[Brief descriptive captions]
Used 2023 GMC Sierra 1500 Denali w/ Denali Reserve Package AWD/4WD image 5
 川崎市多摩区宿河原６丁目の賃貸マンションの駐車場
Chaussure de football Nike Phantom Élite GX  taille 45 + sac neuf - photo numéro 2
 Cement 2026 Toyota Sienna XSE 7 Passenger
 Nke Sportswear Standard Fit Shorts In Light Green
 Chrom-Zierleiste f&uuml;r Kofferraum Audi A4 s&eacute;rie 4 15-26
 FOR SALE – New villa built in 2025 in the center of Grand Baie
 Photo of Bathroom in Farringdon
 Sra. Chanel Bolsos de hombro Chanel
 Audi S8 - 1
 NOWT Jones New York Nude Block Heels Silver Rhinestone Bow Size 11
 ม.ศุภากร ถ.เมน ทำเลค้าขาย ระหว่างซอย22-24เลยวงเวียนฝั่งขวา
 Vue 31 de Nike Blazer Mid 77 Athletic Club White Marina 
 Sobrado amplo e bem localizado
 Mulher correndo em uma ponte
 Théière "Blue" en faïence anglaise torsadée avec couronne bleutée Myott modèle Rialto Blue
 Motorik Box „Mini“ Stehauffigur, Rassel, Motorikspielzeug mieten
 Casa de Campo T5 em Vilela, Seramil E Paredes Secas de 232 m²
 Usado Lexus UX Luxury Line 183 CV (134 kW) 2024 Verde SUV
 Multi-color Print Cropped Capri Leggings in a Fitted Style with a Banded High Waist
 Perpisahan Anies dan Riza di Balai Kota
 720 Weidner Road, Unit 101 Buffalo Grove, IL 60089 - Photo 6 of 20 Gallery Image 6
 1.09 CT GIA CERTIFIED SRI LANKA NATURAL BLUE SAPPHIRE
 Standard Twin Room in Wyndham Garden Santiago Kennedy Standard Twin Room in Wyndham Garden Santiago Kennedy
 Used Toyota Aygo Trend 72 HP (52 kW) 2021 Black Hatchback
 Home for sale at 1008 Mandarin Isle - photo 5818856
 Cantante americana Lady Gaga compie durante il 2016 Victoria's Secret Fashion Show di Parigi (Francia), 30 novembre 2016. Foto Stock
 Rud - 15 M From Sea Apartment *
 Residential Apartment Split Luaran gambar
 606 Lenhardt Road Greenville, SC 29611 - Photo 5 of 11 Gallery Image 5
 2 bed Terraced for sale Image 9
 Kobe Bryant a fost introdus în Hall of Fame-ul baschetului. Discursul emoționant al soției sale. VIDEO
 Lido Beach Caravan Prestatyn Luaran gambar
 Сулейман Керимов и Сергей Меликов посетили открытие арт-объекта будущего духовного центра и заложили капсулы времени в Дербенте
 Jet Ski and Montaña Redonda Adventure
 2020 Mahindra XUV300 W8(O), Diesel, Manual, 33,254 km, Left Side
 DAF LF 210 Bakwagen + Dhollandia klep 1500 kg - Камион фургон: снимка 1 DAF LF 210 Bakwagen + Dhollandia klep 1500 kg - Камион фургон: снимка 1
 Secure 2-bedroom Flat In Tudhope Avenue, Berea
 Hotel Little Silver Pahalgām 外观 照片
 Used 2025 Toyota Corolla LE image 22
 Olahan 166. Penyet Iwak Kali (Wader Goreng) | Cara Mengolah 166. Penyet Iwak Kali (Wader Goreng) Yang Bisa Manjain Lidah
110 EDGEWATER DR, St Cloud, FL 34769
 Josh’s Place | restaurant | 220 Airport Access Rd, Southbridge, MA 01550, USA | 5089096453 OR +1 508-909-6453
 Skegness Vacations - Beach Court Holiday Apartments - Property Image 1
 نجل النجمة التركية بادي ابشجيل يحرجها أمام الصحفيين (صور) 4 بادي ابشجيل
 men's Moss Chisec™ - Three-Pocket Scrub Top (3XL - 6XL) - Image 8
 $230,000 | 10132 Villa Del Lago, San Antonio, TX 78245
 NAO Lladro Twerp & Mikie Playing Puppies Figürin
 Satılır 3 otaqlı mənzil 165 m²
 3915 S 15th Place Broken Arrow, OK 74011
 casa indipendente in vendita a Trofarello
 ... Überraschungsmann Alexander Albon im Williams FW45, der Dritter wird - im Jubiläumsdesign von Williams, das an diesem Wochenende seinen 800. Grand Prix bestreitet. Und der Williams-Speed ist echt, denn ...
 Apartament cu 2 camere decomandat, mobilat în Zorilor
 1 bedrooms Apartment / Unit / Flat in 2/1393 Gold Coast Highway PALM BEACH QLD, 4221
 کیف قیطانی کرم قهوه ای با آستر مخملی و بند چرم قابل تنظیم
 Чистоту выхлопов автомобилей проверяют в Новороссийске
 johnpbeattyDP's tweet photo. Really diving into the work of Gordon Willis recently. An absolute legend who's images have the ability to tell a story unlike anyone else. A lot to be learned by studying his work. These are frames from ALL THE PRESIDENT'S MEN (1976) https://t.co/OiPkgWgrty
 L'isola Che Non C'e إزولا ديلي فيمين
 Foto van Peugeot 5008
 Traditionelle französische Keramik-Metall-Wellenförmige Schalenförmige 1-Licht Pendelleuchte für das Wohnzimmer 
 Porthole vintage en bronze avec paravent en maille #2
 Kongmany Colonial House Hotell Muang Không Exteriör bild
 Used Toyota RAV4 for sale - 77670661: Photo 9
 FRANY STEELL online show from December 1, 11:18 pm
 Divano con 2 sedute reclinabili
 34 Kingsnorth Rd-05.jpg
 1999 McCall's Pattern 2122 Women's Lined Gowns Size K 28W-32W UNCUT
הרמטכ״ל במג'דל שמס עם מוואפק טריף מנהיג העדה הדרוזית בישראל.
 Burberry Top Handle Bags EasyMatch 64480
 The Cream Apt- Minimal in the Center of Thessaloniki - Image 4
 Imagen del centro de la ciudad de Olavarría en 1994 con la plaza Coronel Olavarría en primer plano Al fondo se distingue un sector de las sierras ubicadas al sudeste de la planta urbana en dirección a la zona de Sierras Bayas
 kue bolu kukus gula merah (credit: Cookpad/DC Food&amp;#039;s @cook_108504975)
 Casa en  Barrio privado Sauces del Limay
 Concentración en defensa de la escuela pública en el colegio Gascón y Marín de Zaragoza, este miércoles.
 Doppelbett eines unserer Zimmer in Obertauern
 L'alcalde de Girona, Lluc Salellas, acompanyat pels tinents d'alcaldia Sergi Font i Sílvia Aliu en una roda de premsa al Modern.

- [What you are asked to do] Only the lines above from the line with "Secure 2-bedroom Flat" to the line with "Josh’s Place |", those two lines included, should be reproduced exactly.

- [Solution]
 Secure 2-bedroom Flat In Tudhope Avenue, Berea
 Hotel Little Silver Pahalgām 外观 照片
 Used 2025 Toyota Corolla LE image 22
 Olahan 166. Penyet Iwak Kali (Wader Goreng) | Cara Mengolah 166. Penyet Iwak Kali (Wader Goreng) Yang Bisa Manjain Lidah
110 EDGEWATER DR, St Cloud, FL 34769
 Josh’s Place | restaurant | 220 Airport Access Rd, Southbridge, MA 01550, USA | 5089096453 OR +1 508-909-6453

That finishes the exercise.